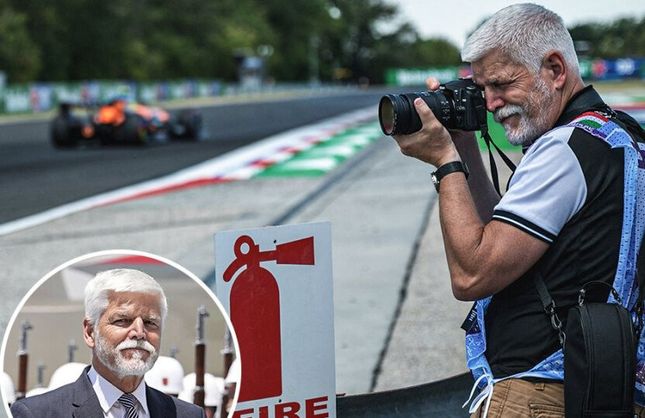 Formula 1'de ilginç anlar! Cumhurbaşkanı objektif başına geçti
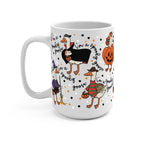 Spooky Goose Glass Cup, Mug & Tumbler with Lid and Straw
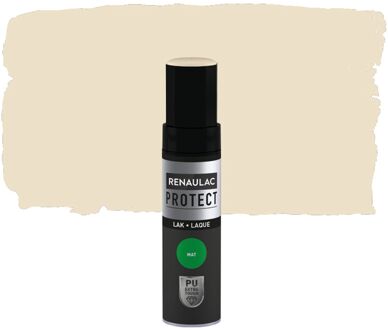 Houtlak Protect - Mat - Parelwit Ral 1013 - 12ml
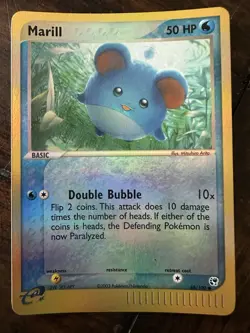 Pokemon TCG Marill Reverse Holo | EX Sandstorm 68/100 | LP-NM - Image 1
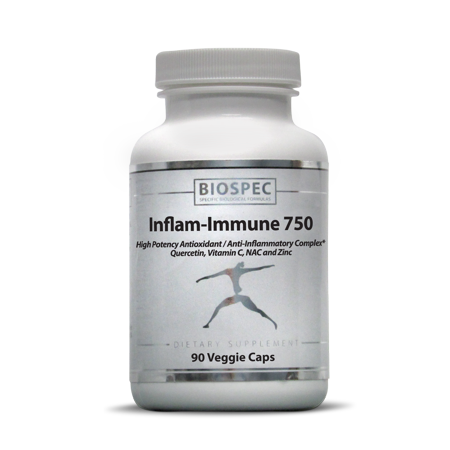 Inflam-Immune 750 – Broad-Spectrum Antioxidant Complex w/Quercetin, NAC, Vitamin C, and Zinc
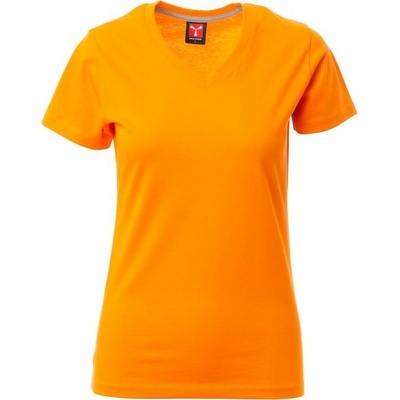 Dámské tričko V-NECK LADY ORANŽOVÁ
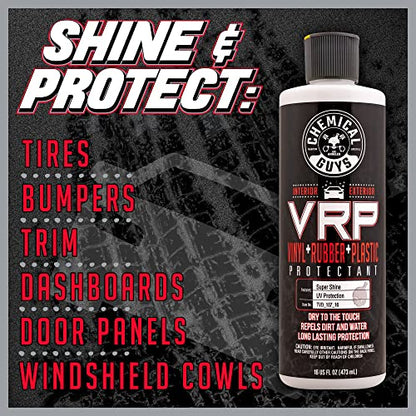 Chemical Guys TVD_107_16 VRP Vinyl, Rubber and Plastic Non-Greasy Dry-to-the-Touch Long Lasting Super Shine Dressing for Tires, Trim and More, Safe for Cars, Trucks, SUVs, RVs & More, 16 fl oz - size: 16 Fl Oz (2-Pack)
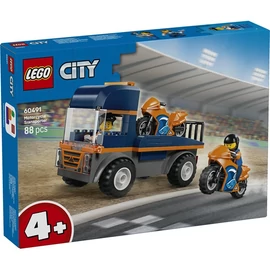 LEGO® City Motorszállító jármű és 2 minifigura 60491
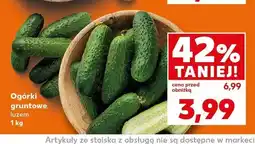 Kaufland Ogórki gruntowe oferta
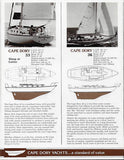 Cape Dory 1982 Brochure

####

WHAT NEEDS TO BE DONE = Everything from the first line of the listing above through the line that contains "Pokemon TCG Marill" is to be restated word for word, minus the pictures.

RESULT OF THE EXERCISE =
 Formula 1'de ilginç anlar! Cumhurbaşkanı objektif başına geçti
 Spooky Goose Glass Cup, Mug & Tumbler with Lid and Straw
 Houtlak Protect - Mat - Parelwit Ral 1013 - 12ml
 Pokemon TCG Marill Reverse Holo | EX Sandstorm 68/100 | LP-NM - Image 1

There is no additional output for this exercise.